ThriveArk· EditorialMay 14, 20268 min read

Day three. The integration architect is on a call with the client's data engineering lead, walking through the pipeline architecture. The diagram on screen looks clean — clearly something prepared for the scoping conversations. Partway through, almost as an aside, the lead mentions that the inventory feed the team has been assuming will power the first pricing agent runs every two hours, not continuously, and has a roughly fifteen percent failure rate on weekends.

This wasn't in the scoping documents. Nobody had mentioned it in three weeks of pre-engagement calls. It changes where the first agent goes.

That's day three. The rest of the first thirty days is variations on that conversation.

Days 1–30: What's actually true

The audit phase is named wrong. "Audit" implies verification — checking that documented architecture reflects reality. What actually happens is closer to excavation. Organizations have a mental model of their own infrastructure that diverges from how it behaves under real operational conditions. The divergence accumulates over years of patches, migrations, workarounds, and tribal knowledge that never made it into documentation. Nobody is hiding anything. The gap just grows.

The first thirty days are about finding where that gap matters for the specific system you're building.

Data freshness is almost always worse than represented. The feed described as "near-real-time" in the architecture diagram runs on a fifteen-minute cadence with a queue that backs up under load. For an agent making decisions where the competitive window is hours, that's acceptable. For one where the window is minutes, it's the reason to start the streaming migration before anything else. The right answer depends on the specific agent and the specific decision — which is why the audit has to precede the build, not run alongside it.

The organizational map matters as much as the technical one. An agent that writes prices to a commerce layer or triggers interventions in a CRM needs someone to grant it that access. That person is almost never in the kickoff meeting. Finding who owns the decision — not who owns the system, but who has the authority to say "yes, this agent can act without human review on this class of decision" — is audit work. The teams that treat it as build work discover the dependency in week seven, when the access request hits a security review queue with a three-week SLA.

The output of day thirty is a decision log, not a requirements document: here's what we found, here are the four facts about this environment that constrain what we build first, here are the decisions that follow. This agent, this data source, this integration point, this governance path.
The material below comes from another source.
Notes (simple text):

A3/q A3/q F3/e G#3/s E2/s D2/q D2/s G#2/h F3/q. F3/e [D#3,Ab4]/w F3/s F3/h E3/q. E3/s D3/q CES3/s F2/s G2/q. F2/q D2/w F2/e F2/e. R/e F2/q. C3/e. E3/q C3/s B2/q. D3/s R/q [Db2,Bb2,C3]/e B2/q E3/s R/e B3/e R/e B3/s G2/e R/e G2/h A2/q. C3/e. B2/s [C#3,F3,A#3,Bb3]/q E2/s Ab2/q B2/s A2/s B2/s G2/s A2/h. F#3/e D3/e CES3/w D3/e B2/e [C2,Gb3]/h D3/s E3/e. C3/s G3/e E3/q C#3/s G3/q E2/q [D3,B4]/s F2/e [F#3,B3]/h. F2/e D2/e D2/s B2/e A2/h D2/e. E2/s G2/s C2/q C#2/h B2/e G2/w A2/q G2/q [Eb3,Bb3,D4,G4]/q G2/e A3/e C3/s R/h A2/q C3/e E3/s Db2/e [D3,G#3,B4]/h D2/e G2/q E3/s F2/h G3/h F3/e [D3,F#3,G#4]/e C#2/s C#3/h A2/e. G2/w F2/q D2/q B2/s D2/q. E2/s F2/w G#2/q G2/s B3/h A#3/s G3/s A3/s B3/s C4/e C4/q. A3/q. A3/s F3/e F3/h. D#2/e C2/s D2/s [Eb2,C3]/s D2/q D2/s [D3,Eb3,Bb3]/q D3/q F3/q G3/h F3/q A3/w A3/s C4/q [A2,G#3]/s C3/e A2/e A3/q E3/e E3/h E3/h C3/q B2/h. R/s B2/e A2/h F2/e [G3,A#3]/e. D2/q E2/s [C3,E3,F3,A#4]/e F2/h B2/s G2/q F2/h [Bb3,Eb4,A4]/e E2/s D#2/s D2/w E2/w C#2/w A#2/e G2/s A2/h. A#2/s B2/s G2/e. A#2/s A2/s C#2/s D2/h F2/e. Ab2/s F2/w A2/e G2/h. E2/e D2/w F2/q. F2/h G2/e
The specificity of that document determines how much the build phase costs and how far it gets in thirty days.

One other thing the audit produces that doesn't appear in any document: a clear picture of which parts of the organization are ready for an agent that makes autonomous decisions, and which parts aren't. That picture shapes the scope of the first deployment more than any technical constraint.

Days 31–60: What ships and what it means

The first thing that ships is almost never the most compelling use case. It's the use case where the data is clean enough, the integration access is granted, and the governance path is clear. That intersection is usually narrow. One product category instead of the full catalog. One customer segment instead of the whole base. Human approval required on decisions above a certain value threshold.
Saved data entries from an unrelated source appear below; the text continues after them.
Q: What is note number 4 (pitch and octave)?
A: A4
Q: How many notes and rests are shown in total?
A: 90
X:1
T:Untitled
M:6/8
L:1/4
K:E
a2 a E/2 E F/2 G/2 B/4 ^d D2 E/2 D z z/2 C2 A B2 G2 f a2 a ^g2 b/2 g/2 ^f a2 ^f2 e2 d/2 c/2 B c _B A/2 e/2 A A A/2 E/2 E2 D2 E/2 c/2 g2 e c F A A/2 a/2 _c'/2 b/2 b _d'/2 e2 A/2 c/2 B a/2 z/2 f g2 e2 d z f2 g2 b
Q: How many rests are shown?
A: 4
This tends to look underwhelming compared to the scoping conversations. That's expected.

The production environment — real data quality issues, real load patterns, edge cases that never appeared in evaluation — reveals behaviors that the development environment didn't show. Running with human oversight for two weeks in production tells you more about the agent's actual behavior than six weeks of offline testing. The gap between demo performance and production performance on day one is a feature of honest deployments, not a sign that something went wrong.

During this phase, the value accumulates in the decision log more than in the scope of what's running. The agent makes a decision. The decision is logged with the signal that triggered it, the options it considered, and the guardrail conditions that applied. Someone reviews the log each day. That review process calibrates the guardrails, builds organizational confidence, and produces the evidence that makes the day-sixty conversation possible.

By day sixty, the agent has been running in production for two to three weeks. The decision log shows its behavior across the range of real conditions it's encountered. The next question — what does it take to expand to the full catalog, drop the approval requirement, extend the same pattern to a second decision type — now has a concrete answer, grounded in observed production behavior rather than projected performance from an evaluation set. That answer is where the engagement either accelerates or stalls.

Days 61–90: The direction things go

The engagements that accelerate at this stage share a specific characteristic: the infrastructure built in days one through sixty was scoped slightly wider than the first use case required.

The streaming pipeline built for the pricing agent can serve a second agent without rebuilding. The integration pattern used for the first operational system replicates to a second in days. The decision log structure already supports the governance review the next expansion will need. None of this happens automatically — it requires a deliberate choice during the build phase to invest a small amount of additional scope in generality. The teams that make that choice find each subsequent agent takes meaningfully less time than the first. The teams that build tighter find themselves starting over each time.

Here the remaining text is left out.